━━━ RECORDS TO USE ━━━
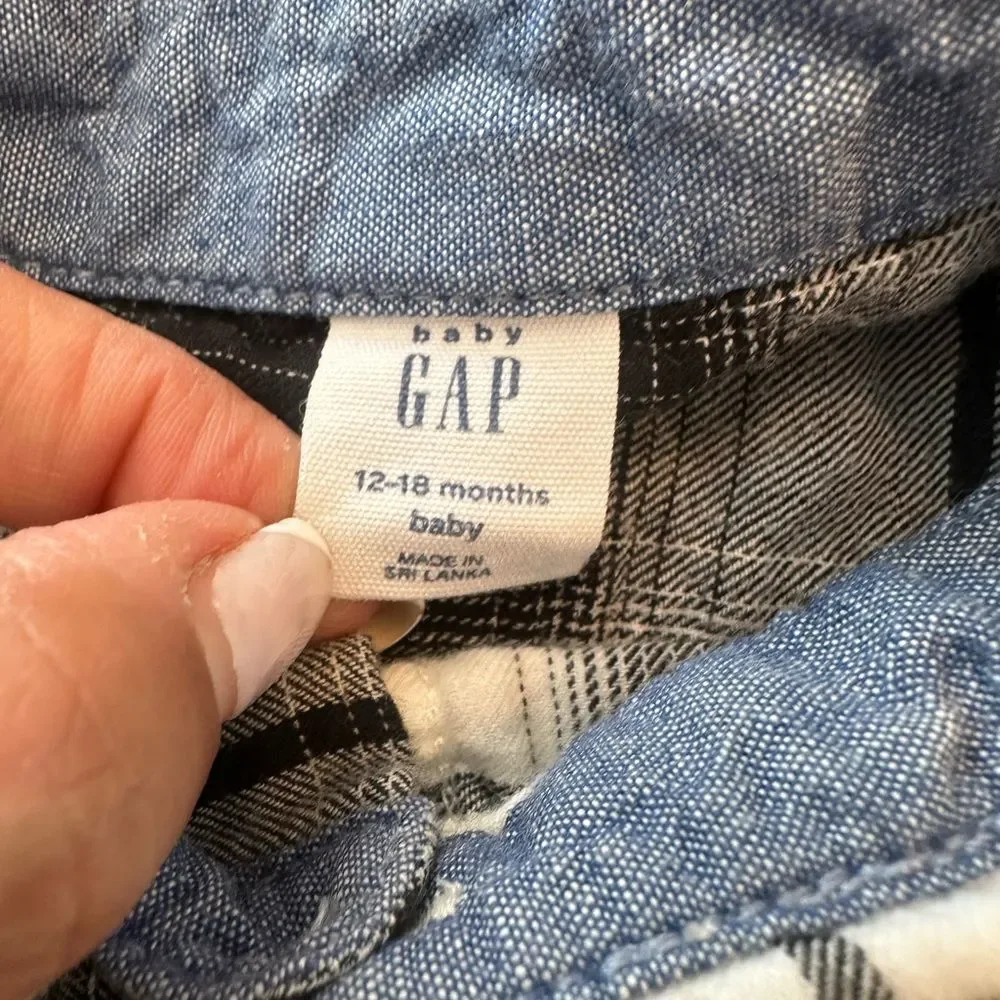 GAP Baby long sleeve collar checkered flannel bodysuit size 12-18 month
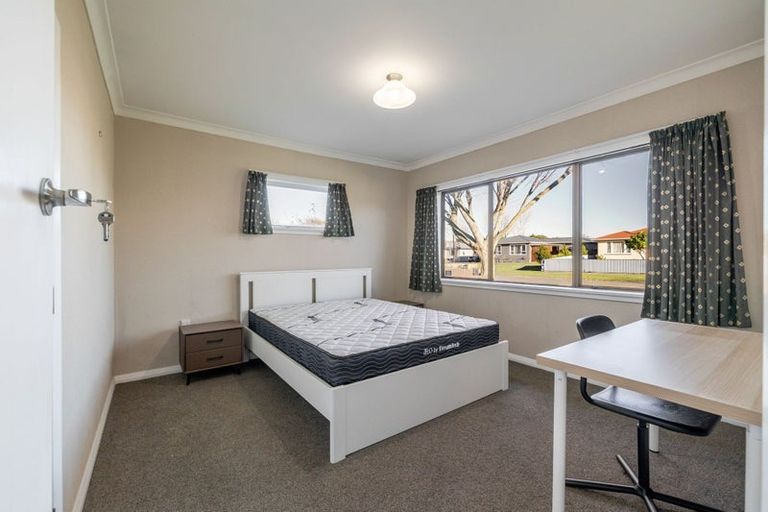 Photo of property in 9 Birmingham Street, Takaro, Palmerston North, 4412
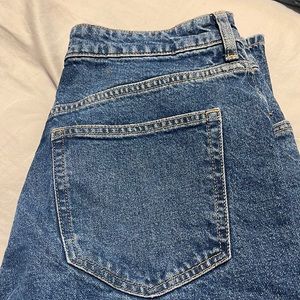 Women’s H and M new, never worn jeans. Size 10 straight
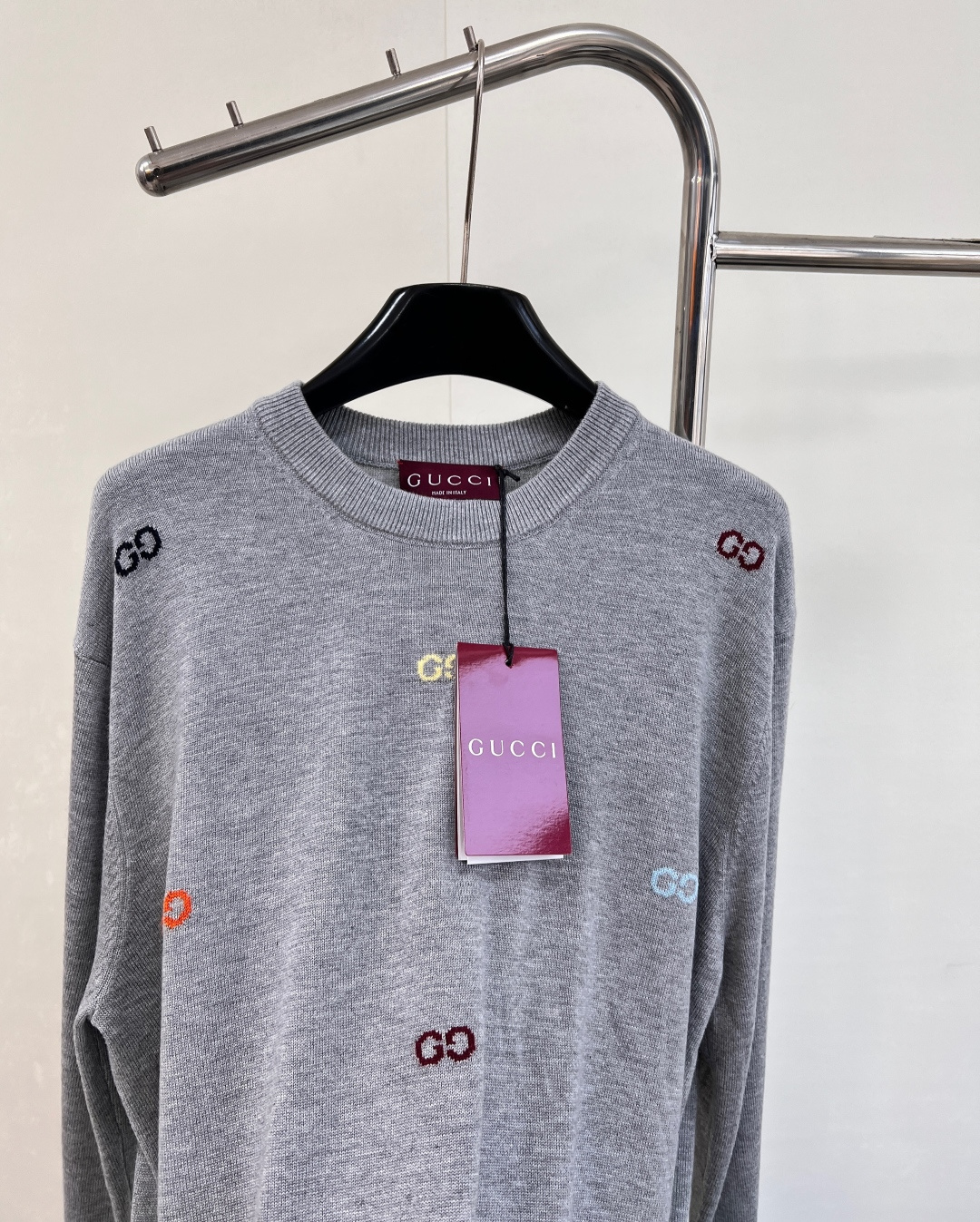 🆕Gucci新款套头字母针织上衣，定制YB羊毛纱线织造，质感高级，舒适柔软，圆领针织套头毛衣剪裁，通体文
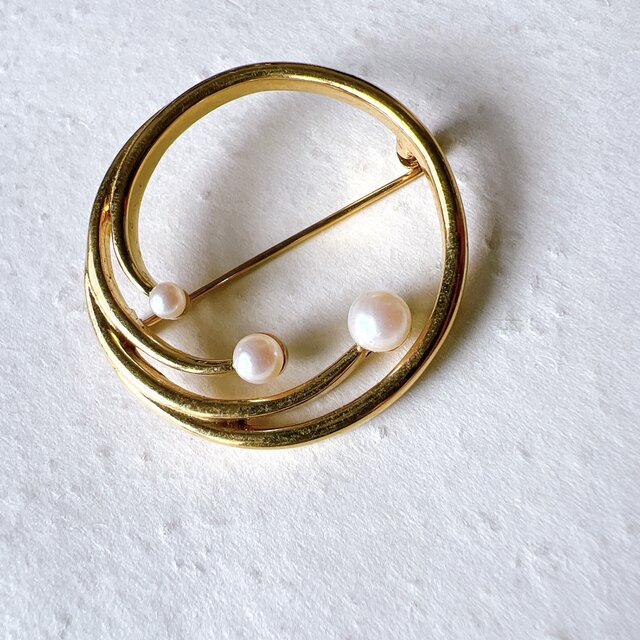 SCM41-【 MONET 】モネ・ヴィンテージブローチ Gold Tone and Pearl Circular Pin | iichi  日々の暮らしを心地よくするハンドメイドやアンティークのマーケットプレイス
━━━
TASK REQUIREMENTS — Leave out all pictures, then copy the remaining material exactly.

TASK OUTPUT —
 GAP Baby long sleeve collar checkered flannel bodysuit size 12-18 month
 Photo of property in 9 Birmingham Street, Takaro, Palmerston North, 4412
 Women’s H and M new, never worn jeans. Size 10 straight
 🆕Gucci新款套头字母针织上衣，定制YB羊毛纱线织造，质感高级，舒适柔软，圆领针织套头毛衣剪裁，通体文
 SCM41-【 MONET 】モネ・ヴィンテージブローチ Gold Tone and Pearl Circular Pin | iichi  日々の暮らしを心地よくするハンドメイドやアンティークのマーケットプレイス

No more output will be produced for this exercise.